**Task details**
Keep the pictures out and restate every record exactly.

**Input**
▼

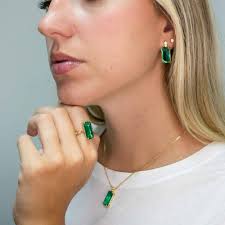 Anel Cristal Baguete Turmalina com Zircônias Folheado em Ouro 18k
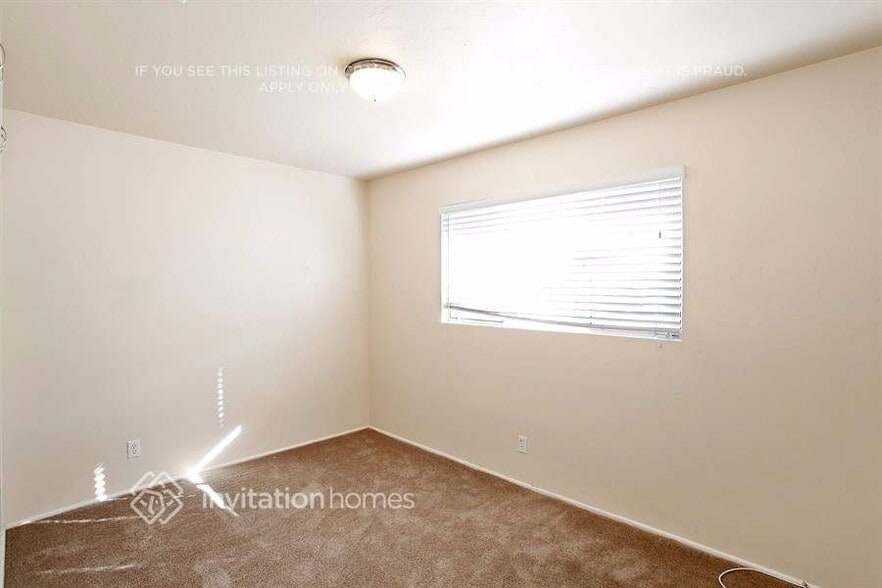 Building Photo - 4546 W Ave L-10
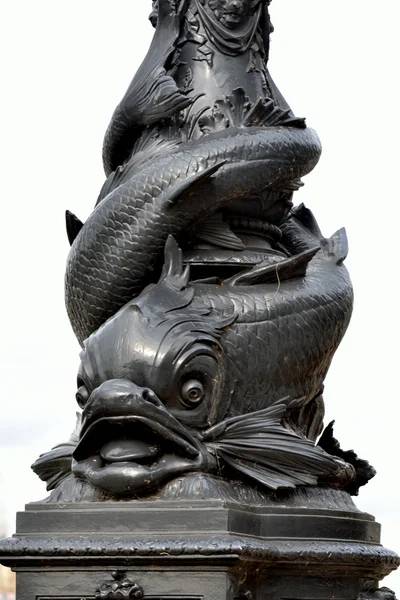 Деталь рыбы на фонарном столбе — стоковое фото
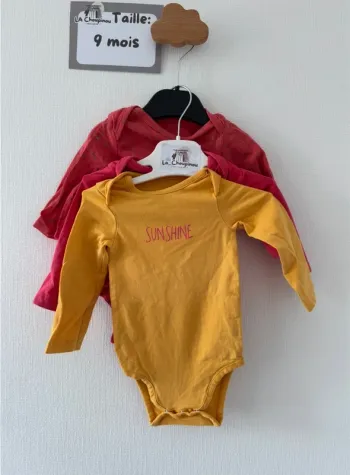 Lot 3 bodies manches longues - taille 9 mois 🌸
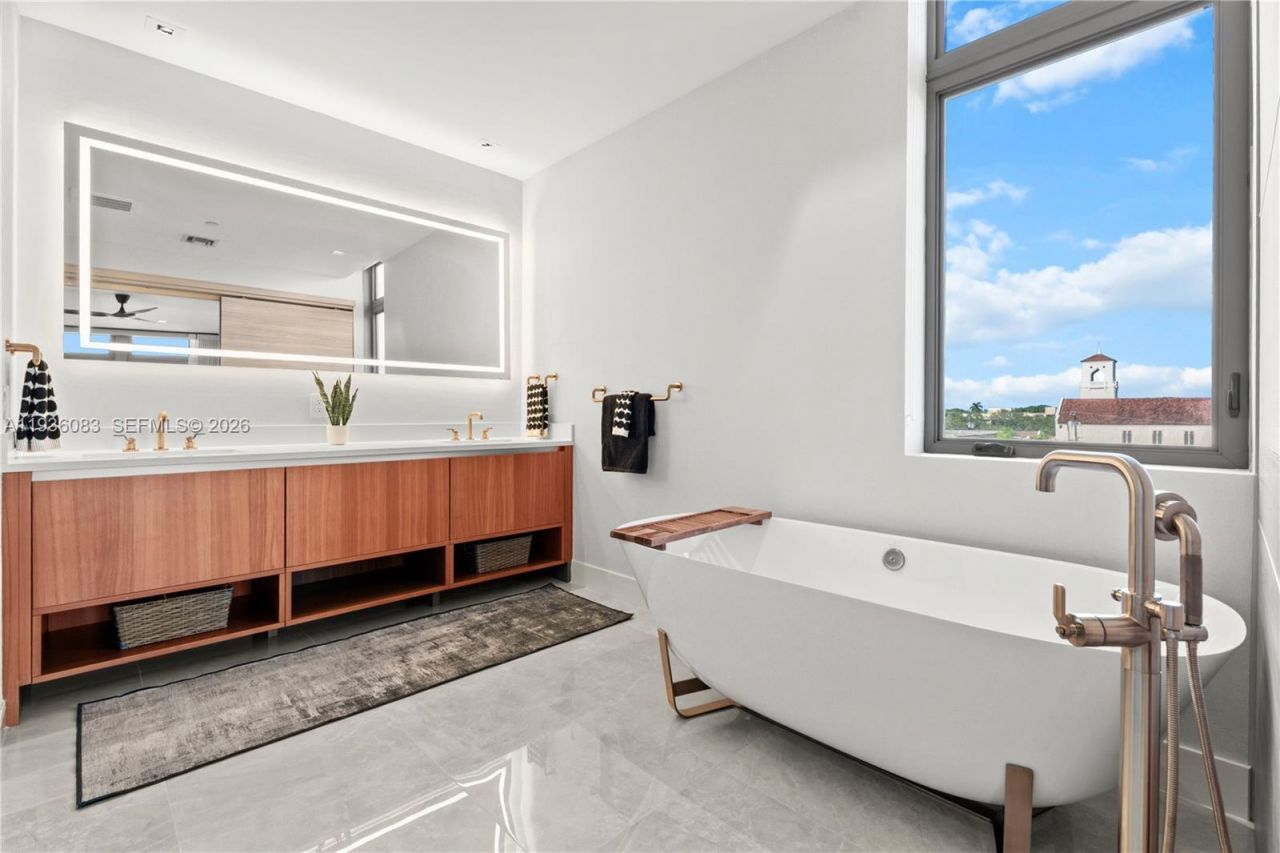 515 Valencia Ave, Unit 403, Coral Gables, FL 33134 Photo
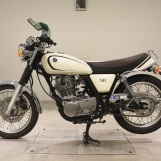 Мотоцикл Yamaha SR400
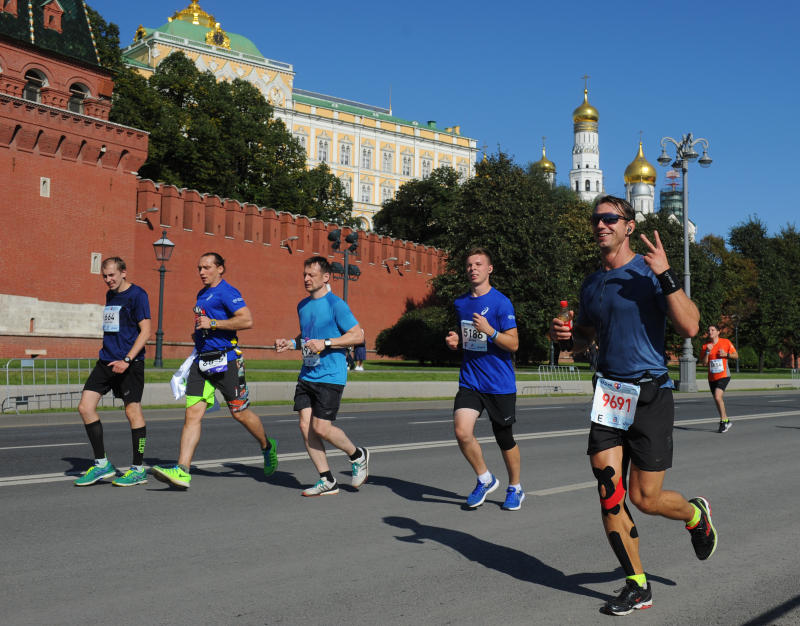 Участники пробегут 42 километра и 10 километров по самому центру Москвы. Фото: Александр Кожохин, «Вечерняя Москва»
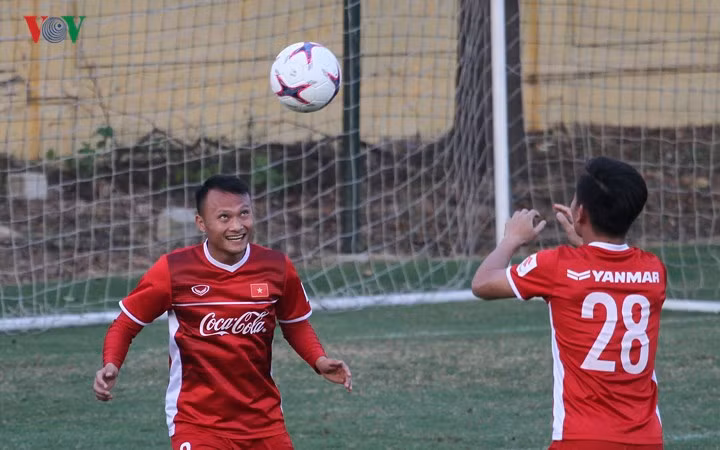 ĐT Việt Nam cố gắng làm quen với trái bóng chính thức của AFF Cup 2018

▲

**Written response**
 Anel Cristal Baguete Turmalina com Zircônias Folheado em Ouro 18k
 Building Photo - 4546 W Ave L-10
 Деталь рыбы на фонарном столбе — стоковое фото
 Lot 3 bodies manches longues - taille 9 mois 🌸
 515 Valencia Ave, Unit 403, Coral Gables, FL 33134 Photo
 Мотоцикл Yamaha SR400
 Участники пробегут 42 километра и 10 километров по самому центру Москвы. Фото: Александр Кожохин, «Вечерняя Москва»
 ĐT Việt Nam cố gắng làm quen với trái bóng chính thức của AFF Cup 2018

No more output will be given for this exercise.